Scrutiny of five PE firms’ involvement in private prisons begins with an information request.

Private equity firms dipping their toes in private prison practices are now under investigation from some of the country’s top Democratic lawmakers after receiving a formal request for information pertinent to their respective structures and finances as they relate to the prisons.

Sen. Elizabeth Warren and Reps. Alexandria Ocasio-Cortez and Mark Pocan issued letters to private equity firms American Securities, Apax Partners, BlueMountain Capital, H.I.G. Capital, and Platinum Equity for their affiliations with private prisons.

“We have concerns about the rapid spread and effect of private equity investment in…the correctional facility support services industry,” the lawmakers wrote in a statement. “The users of these services—incarcerated individuals and their loved ones—are literally captive, not able to shop around and find the best mix of price and quality.”

The legislators also brought up disturbing accounts related to private equity firms’ involvement in the regulation and control of private prisons.

They have been “accused of serving meals ‘which included not only maggots but also ‘crunchy dirt’ in potatoes and mold in apple crisp and pancakes, and providing such meager portions that incarcerated individuals in one county jail were reduced to ‘eat[ing] toothpaste and toilet paper.”

A study carried out by the Prison Policy Initiative in February 2019 found that some companies charge up to $25 for a 15-minute phone call, and in tandem with other miscellaneous fees, ultimately “can increase the cost of families staying in touch by phone with loved ones who are incarcerated by as much as 40%.
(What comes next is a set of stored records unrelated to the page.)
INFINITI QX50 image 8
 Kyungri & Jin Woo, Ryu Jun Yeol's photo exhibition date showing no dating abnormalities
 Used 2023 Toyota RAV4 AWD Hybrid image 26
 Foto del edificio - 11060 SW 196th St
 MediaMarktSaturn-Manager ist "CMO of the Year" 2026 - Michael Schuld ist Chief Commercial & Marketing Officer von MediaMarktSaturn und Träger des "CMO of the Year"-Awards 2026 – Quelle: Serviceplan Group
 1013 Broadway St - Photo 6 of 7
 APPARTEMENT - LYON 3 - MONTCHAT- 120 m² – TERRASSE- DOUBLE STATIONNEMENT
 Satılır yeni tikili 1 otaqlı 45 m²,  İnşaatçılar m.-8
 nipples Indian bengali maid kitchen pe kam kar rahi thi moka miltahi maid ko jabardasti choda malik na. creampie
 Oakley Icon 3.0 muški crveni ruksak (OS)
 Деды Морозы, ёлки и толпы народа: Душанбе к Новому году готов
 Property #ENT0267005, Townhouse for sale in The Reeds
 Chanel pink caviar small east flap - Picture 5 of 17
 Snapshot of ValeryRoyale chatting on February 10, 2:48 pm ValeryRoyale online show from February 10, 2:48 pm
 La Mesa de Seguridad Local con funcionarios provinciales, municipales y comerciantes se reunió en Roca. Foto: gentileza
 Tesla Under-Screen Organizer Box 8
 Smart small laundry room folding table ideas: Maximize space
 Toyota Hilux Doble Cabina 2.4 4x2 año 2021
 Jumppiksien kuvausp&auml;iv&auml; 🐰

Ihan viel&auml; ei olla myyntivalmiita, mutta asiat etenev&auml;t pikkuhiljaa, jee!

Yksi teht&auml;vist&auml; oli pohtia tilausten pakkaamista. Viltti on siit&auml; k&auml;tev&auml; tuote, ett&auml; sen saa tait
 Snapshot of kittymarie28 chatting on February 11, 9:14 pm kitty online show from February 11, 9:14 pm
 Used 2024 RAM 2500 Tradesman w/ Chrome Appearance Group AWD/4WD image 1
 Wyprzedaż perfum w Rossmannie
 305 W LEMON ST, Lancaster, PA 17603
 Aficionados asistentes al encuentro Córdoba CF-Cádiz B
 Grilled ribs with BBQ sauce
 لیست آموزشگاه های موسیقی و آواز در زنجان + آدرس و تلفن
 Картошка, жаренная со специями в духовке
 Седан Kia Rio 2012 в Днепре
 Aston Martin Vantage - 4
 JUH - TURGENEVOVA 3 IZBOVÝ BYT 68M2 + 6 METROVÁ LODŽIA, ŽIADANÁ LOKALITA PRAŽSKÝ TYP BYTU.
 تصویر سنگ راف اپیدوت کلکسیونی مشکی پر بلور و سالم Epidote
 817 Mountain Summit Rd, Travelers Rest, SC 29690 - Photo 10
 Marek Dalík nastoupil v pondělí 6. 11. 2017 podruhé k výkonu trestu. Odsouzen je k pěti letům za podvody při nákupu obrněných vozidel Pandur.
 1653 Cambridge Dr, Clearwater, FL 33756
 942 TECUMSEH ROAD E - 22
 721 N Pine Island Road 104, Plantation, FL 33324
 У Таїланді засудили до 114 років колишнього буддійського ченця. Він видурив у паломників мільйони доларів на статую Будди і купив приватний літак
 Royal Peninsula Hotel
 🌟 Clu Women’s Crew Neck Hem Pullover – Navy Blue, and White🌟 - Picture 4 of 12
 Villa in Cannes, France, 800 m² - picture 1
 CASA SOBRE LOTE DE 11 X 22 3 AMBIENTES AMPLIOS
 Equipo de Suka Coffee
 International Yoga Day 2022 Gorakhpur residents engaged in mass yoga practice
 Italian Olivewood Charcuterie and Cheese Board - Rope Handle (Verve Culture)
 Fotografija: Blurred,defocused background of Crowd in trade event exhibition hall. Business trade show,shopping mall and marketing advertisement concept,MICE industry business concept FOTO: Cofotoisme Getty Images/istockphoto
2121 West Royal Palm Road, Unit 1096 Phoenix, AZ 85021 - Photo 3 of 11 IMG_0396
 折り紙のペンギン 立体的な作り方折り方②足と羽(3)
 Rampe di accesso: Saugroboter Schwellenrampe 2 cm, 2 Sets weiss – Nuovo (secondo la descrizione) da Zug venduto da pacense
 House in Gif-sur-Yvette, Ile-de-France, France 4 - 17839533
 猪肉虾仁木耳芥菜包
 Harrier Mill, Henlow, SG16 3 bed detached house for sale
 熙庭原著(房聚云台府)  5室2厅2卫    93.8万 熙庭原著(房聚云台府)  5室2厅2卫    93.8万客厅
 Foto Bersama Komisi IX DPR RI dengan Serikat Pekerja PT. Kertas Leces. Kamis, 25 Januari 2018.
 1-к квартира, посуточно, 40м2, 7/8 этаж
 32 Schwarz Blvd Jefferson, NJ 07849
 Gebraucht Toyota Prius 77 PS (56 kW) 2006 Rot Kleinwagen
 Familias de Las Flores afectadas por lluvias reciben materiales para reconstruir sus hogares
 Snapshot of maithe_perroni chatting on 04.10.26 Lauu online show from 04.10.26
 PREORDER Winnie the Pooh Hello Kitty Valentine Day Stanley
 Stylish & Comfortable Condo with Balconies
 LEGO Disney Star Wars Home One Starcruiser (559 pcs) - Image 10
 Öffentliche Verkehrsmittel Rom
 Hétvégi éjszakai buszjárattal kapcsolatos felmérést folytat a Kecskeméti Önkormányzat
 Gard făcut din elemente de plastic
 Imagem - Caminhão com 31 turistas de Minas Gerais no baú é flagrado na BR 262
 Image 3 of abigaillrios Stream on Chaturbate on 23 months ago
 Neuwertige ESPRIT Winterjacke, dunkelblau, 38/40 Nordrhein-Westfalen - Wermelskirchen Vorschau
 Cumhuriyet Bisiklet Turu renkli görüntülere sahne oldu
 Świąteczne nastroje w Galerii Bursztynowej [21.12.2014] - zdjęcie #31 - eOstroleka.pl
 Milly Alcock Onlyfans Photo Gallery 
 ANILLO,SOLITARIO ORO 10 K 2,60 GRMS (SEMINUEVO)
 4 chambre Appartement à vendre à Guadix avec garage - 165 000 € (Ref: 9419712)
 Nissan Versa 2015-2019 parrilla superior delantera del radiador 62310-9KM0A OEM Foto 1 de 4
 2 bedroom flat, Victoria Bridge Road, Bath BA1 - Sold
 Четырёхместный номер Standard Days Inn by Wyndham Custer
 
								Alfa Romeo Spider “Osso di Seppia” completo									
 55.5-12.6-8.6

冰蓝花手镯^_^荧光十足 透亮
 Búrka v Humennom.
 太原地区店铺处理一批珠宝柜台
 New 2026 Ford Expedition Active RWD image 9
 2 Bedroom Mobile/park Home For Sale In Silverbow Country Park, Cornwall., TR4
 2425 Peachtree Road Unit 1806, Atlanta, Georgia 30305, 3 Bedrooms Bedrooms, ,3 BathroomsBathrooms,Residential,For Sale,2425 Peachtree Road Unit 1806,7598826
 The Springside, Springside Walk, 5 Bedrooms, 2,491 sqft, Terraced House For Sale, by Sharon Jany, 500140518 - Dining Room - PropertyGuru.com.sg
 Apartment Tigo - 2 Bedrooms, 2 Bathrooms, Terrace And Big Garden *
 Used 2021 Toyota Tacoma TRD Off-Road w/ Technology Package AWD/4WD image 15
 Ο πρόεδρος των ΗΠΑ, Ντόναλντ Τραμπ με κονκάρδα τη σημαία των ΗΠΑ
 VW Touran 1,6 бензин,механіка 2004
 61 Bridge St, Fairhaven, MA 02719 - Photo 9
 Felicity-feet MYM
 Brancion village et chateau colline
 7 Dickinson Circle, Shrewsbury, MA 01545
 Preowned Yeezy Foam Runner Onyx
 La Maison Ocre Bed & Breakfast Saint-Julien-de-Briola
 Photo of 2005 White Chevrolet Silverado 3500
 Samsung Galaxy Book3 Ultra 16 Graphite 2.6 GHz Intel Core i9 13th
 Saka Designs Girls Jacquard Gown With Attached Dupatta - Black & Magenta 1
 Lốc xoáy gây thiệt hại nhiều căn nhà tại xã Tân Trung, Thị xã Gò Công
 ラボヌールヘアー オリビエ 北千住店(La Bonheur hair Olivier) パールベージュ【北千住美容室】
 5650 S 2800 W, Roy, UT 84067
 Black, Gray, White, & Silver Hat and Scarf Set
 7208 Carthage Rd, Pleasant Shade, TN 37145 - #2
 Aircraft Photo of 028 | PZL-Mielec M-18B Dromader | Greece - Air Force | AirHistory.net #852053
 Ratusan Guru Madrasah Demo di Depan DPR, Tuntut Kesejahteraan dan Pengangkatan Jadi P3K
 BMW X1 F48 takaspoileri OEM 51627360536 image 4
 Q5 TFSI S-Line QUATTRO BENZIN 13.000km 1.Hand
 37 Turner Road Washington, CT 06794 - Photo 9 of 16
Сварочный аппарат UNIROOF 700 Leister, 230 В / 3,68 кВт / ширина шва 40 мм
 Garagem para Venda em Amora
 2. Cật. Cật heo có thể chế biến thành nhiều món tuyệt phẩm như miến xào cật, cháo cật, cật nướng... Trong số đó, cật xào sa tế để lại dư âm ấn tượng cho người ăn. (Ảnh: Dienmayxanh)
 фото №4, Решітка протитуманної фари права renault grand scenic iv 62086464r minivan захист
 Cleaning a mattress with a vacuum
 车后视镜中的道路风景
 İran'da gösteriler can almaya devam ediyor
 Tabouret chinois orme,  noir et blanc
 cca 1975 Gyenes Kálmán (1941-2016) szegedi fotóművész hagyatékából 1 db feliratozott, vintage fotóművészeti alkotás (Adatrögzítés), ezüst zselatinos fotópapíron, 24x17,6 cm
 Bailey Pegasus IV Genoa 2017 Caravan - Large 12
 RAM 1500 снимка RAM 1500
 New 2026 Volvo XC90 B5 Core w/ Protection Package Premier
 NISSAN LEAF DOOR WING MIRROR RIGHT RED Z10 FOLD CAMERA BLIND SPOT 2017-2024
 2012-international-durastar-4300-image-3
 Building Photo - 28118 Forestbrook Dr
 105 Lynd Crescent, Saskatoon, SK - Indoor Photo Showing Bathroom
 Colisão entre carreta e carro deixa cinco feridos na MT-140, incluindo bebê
The legislators requested the following information from each of the five private equity firms: ownership stake, total revenue, net income, total expenditure, total number of employees, total number of corrections facilities or relevant authority with which the company has a contract to provide services, total number of incarcerated individuals for whom the company provides service, and other private equity firms that own a stake in the company.

Earlier this year, Warren introduced legislation that would publicize firms’ private equity fees and returns, and hold them liable for the responsibilities and debts of companies under their control. Called the “Stop Wall Street Looting Act,” the bill is intended to reroute the industry towards more ethical behaviors, ending practices today by private equity firms that makes them “akin to vampires,” Warren said in a statement released with the bill’s introduction.

“They are like vampires, bleeding the company dry and walking away enriched even as the company succumbs,” Warren said when describing what she calls “legalized looting.”

Warren similarly outlined a recent plan that would close the doors on federal private detention facilities by ending all contracts the Federal Bureau of Prisons and US Immigration and Customs Enforcement have with private detention providers.